- [Action item]:
Word for word, repeat the entries, minus the pictures.

- [Materials provided]:
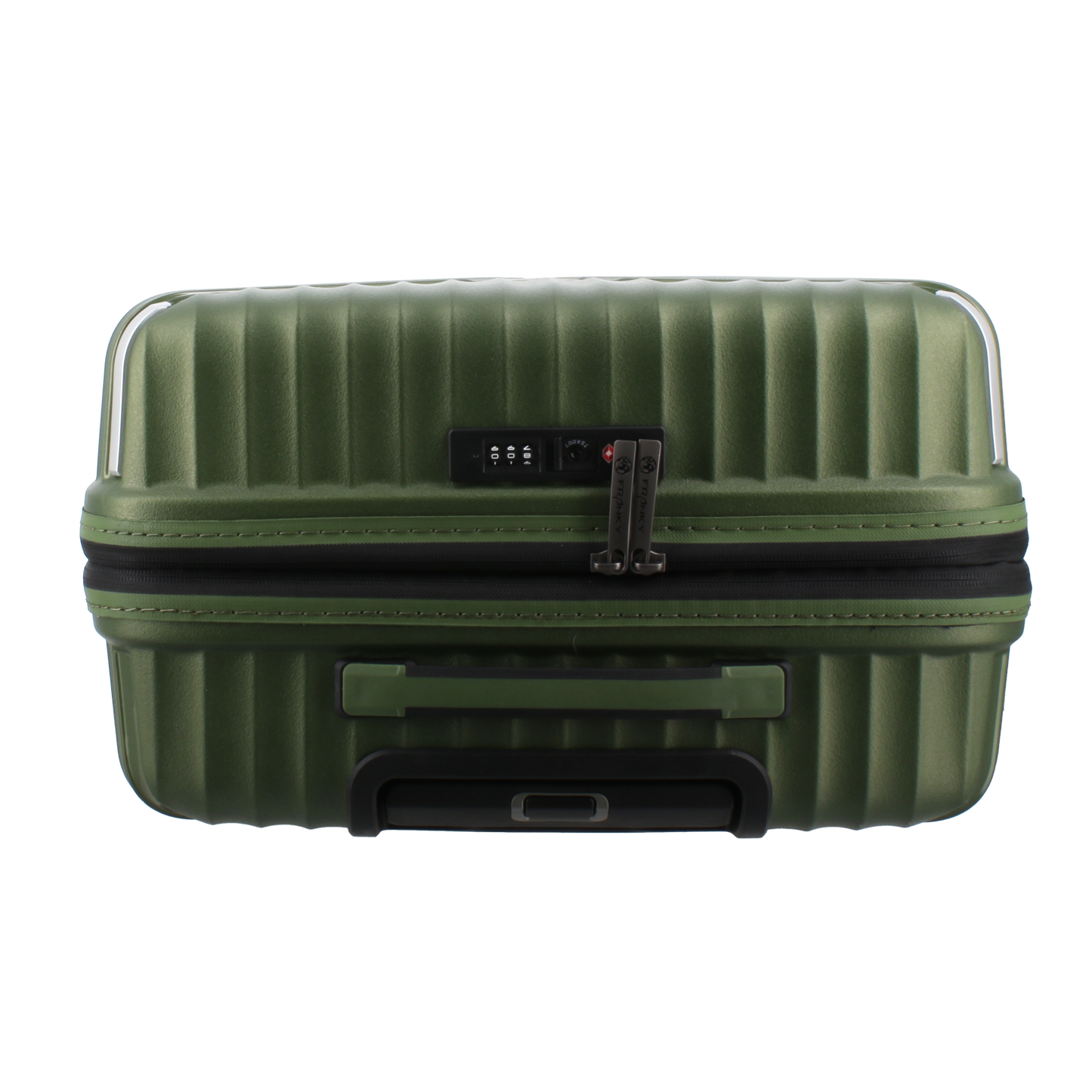 FRANKY Koffer Trolley | 360° Rollen  | Hohe Stabilität | TSA-Schloss | Größen: S / M / L | in vielen Farben -PP13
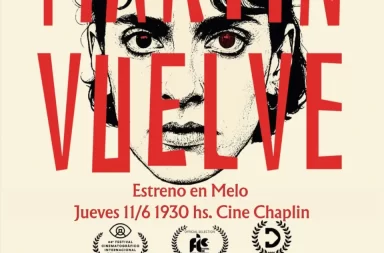Martín vuelve cine Chaplin
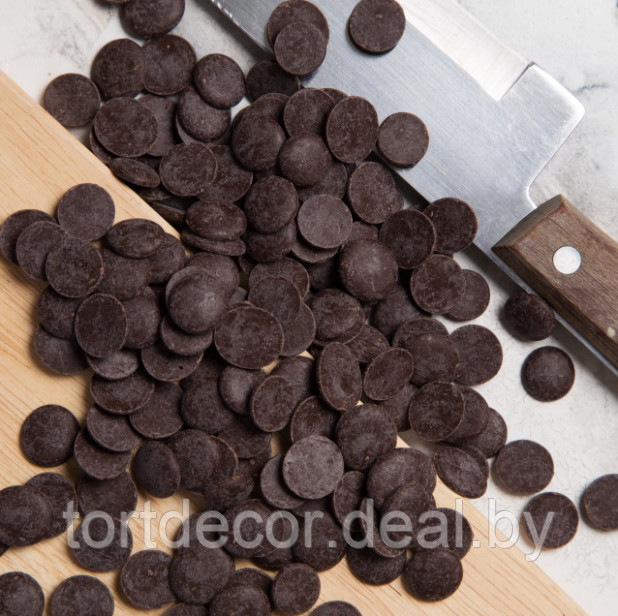 Шоколад темный (32/34) "Purocao Fondente Dischi", 100 гр - фото 1 - id-p157793141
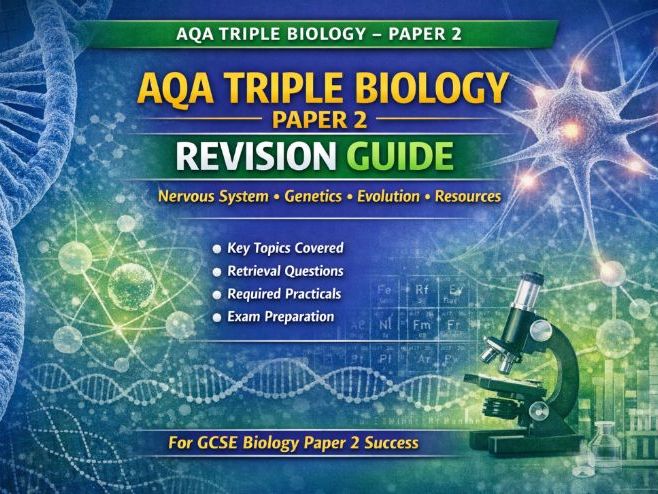 AQA Triple Biology Paper 2 Revision Guide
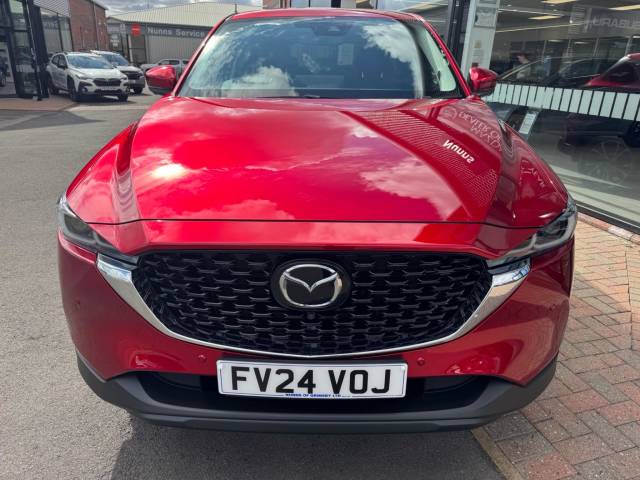 2024 Mazda CX-5 2.0 e-SKYACTIV G MHEV Exclusive-Line SUV 5dr Petrol Auto Euro 6 (s/s) (165 ps)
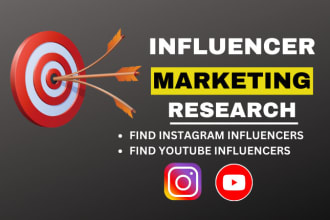 find best instagram, youtube, influencers list for influencer marketing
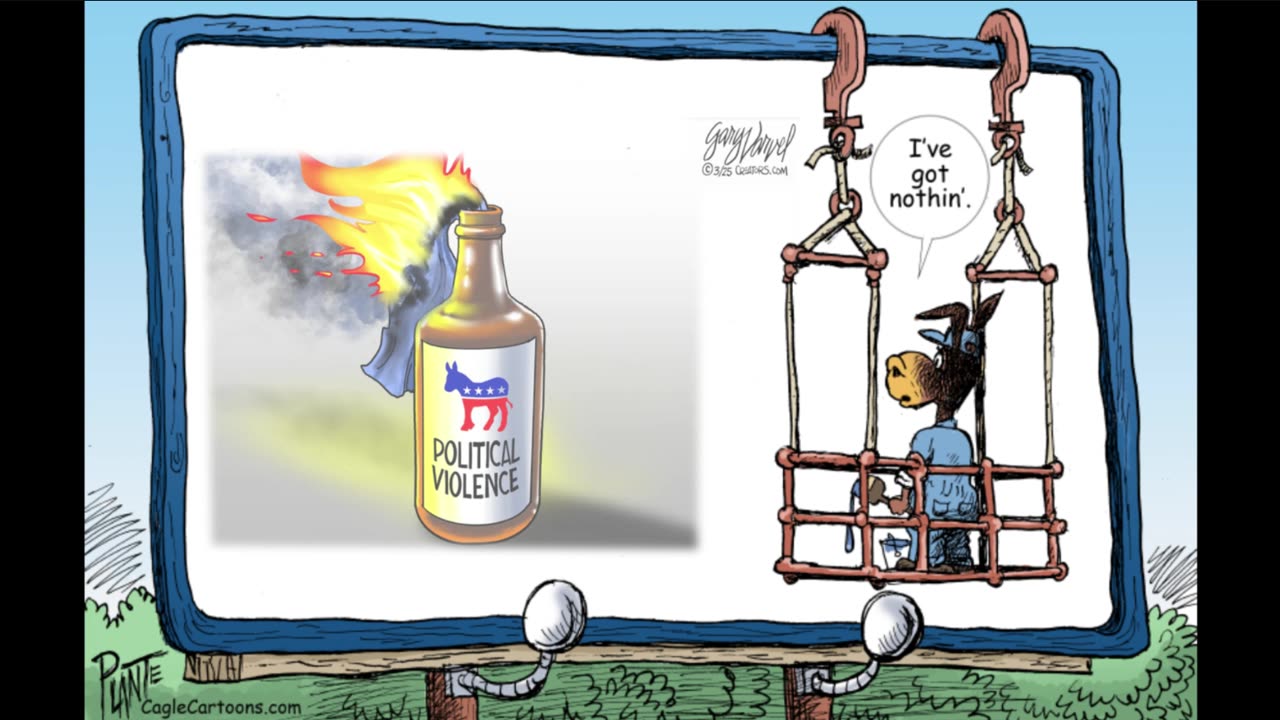 The P.C. Crowd. Taking P.C. Back... Political Cartoons!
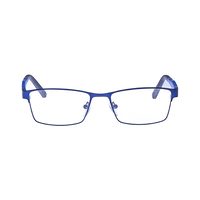 OPTIWAR BB86 Spectacles Frame in Glossy Blue — view 1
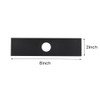 8 Inch X 2 Inch Edger Blade/Convertible Edger Attachment Compatible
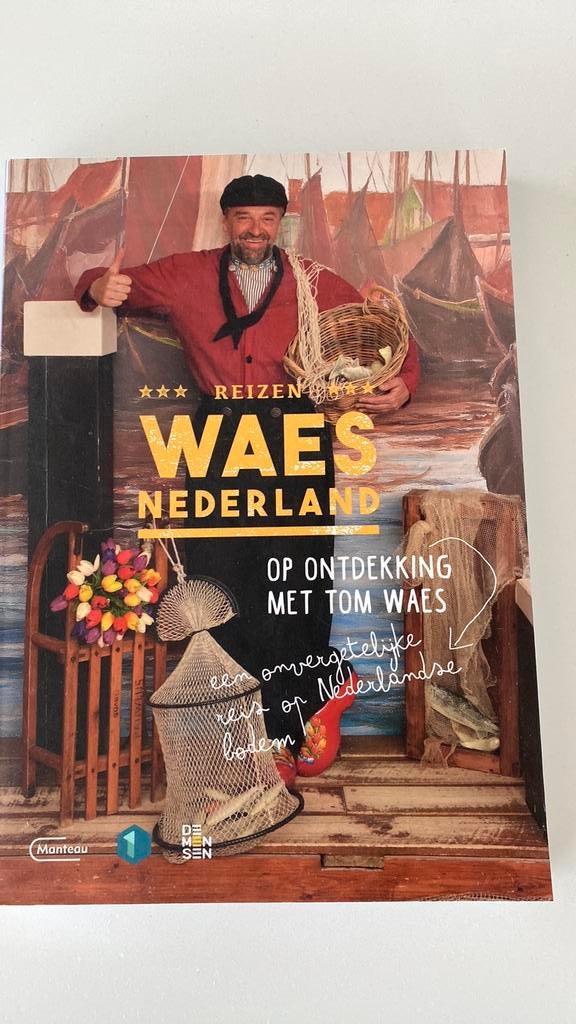 Boek Reizen Waes Nederland - Tom Waes, Boeken, Reisverhalen, Ophalen of Verzenden, Nieuw, Tom Waes, Europa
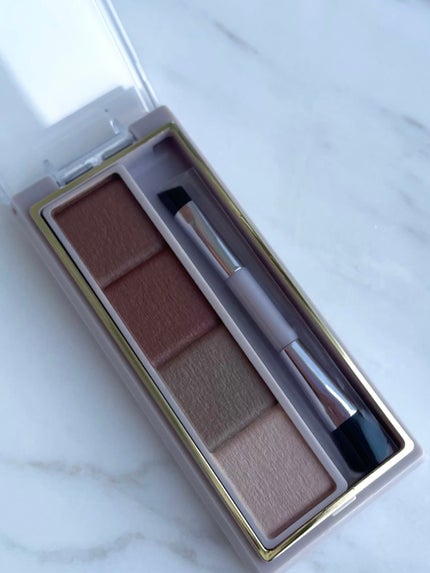 カラーエディットパウダーブロウ/excel/パウダーアイブロウを使ったクチコミ(2枚目)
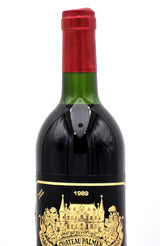 1989 Chateau Palmer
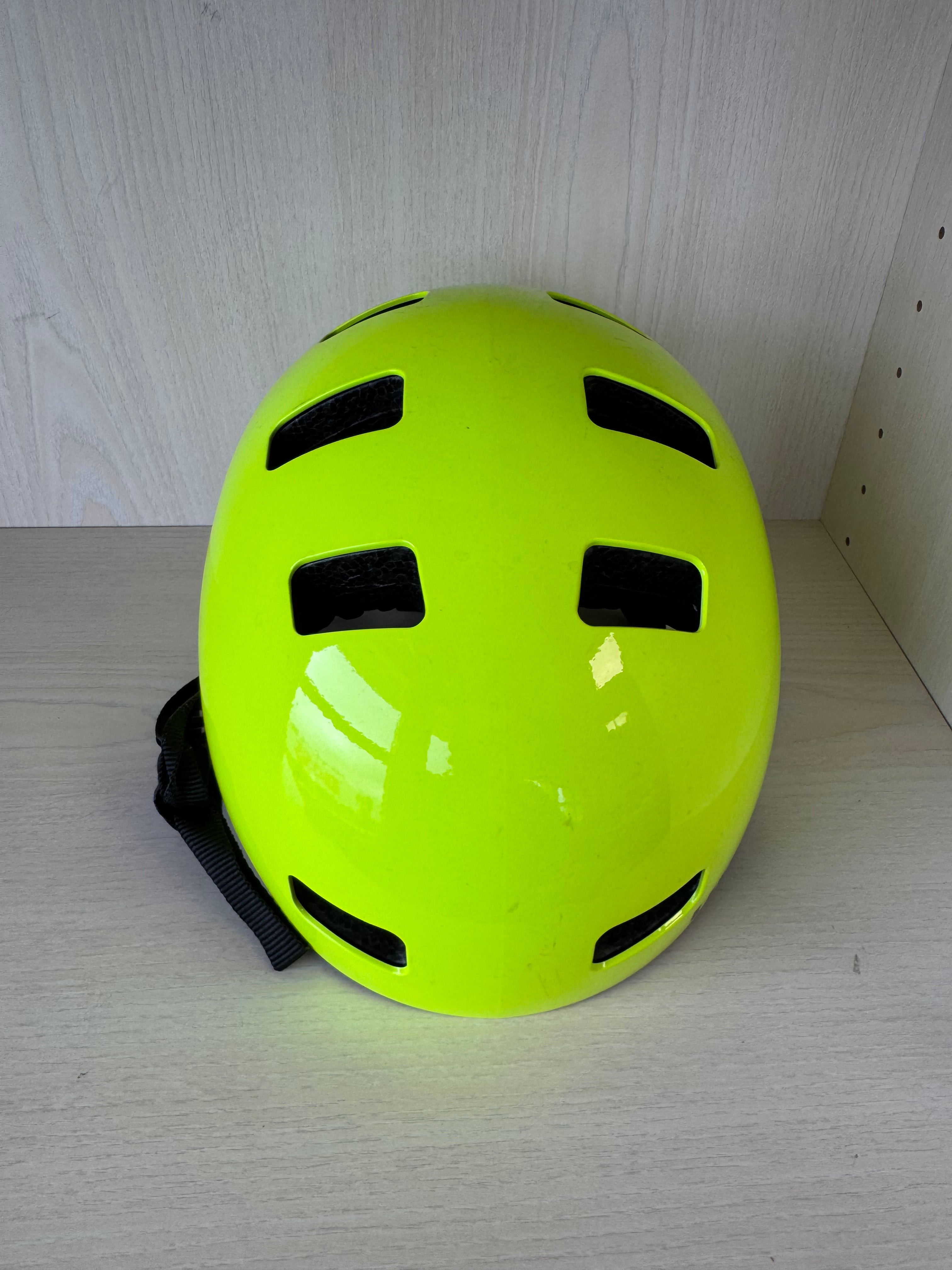 Uvex HLMT 5 Fahrrad & Skate Helm 56-58 cm Neon Lime, guter Zustand
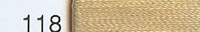 Colour 118 (Pantone ref. Not Available) - King Star 1000m 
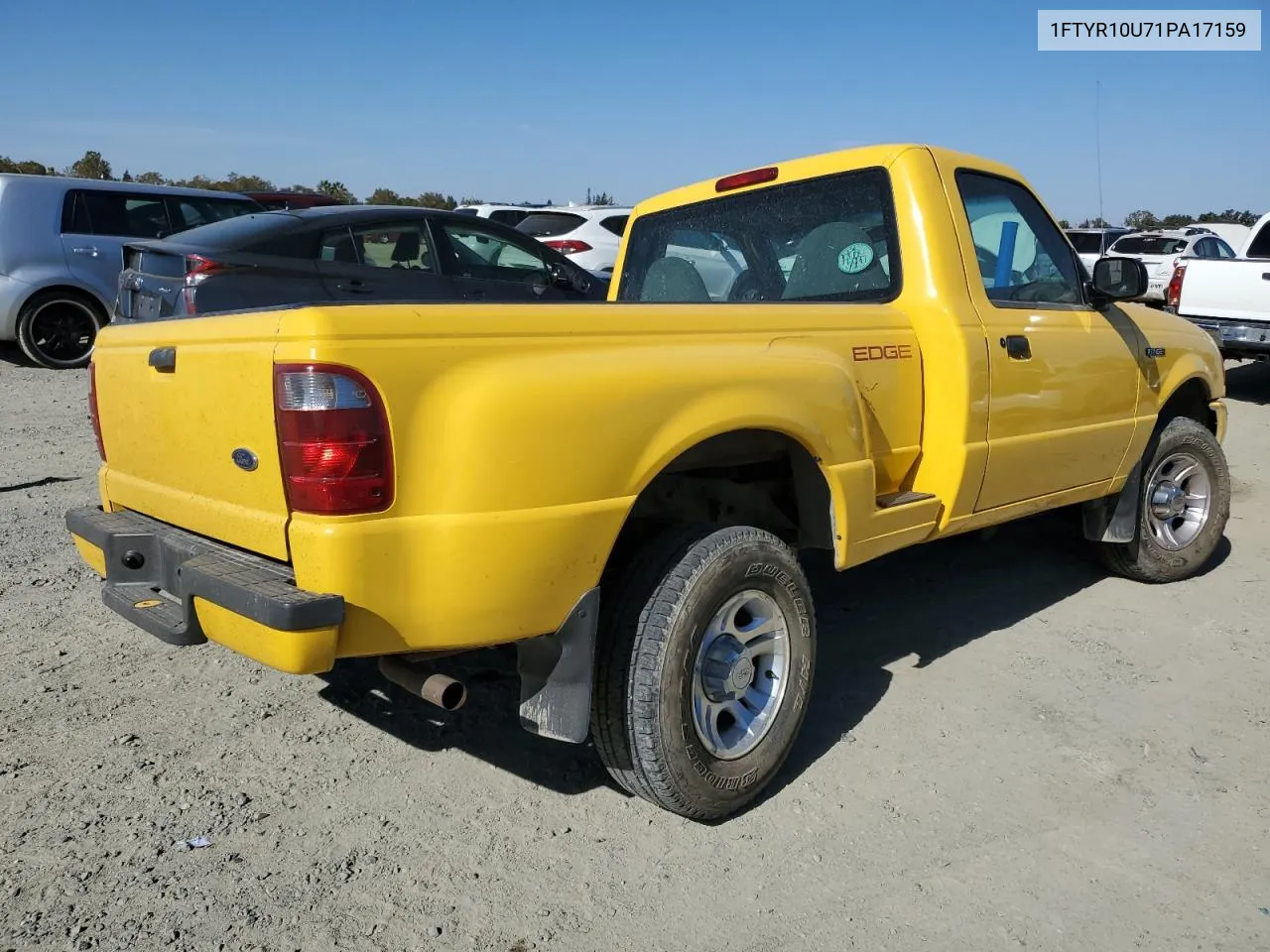 2001 Ford Ranger VIN: 1FTYR10U71PA17159 Lot: 77493644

- [Result]:
 FRANKY Koffer Trolley | 360° Rollen  | Hohe Stabilität | TSA-Schloss | Größen: S / M / L | in vielen Farben -PP13
Martín vuelve cine Chaplin
 Шоколад темный (32/34) "Purocao Fondente Dischi", 100 гр - фото 1 - id-p157793141
 AQA Triple Biology Paper 2 Revision Guide
 2024 Mazda CX-5 2.0 e-SKYACTIV G MHEV Exclusive-Line SUV 5dr Petrol Auto Euro 6 (s/s) (165 ps)
 find best instagram, youtube, influencers list for influencer marketing
 The P.C. Crowd. Taking P.C. Back... Political Cartoons!
 OPTIWAR BB86 Spectacles Frame in Glossy Blue — view 1
 8 Inch X 2 Inch Edger Blade/Convertible Edger Attachment Compatible
 Boek Reizen Waes Nederland - Tom Waes, Boeken, Reisverhalen, Ophalen of Verzenden, Nieuw, Tom Waes, Europa
 カラーエディットパウダーブロウ/excel/パウダーアイブロウを使ったクチコミ(2枚目)
 1989 Chateau Palmer
 Uvex HLMT 5 Fahrrad & Skate Helm 56-58 cm Neon Lime, guter Zustand
 Colour 118 (Pantone ref. Not Available) - King Star 1000m 
 2001 Ford Ranger VIN: 1FTYR10U71PA17159 Lot: 77493644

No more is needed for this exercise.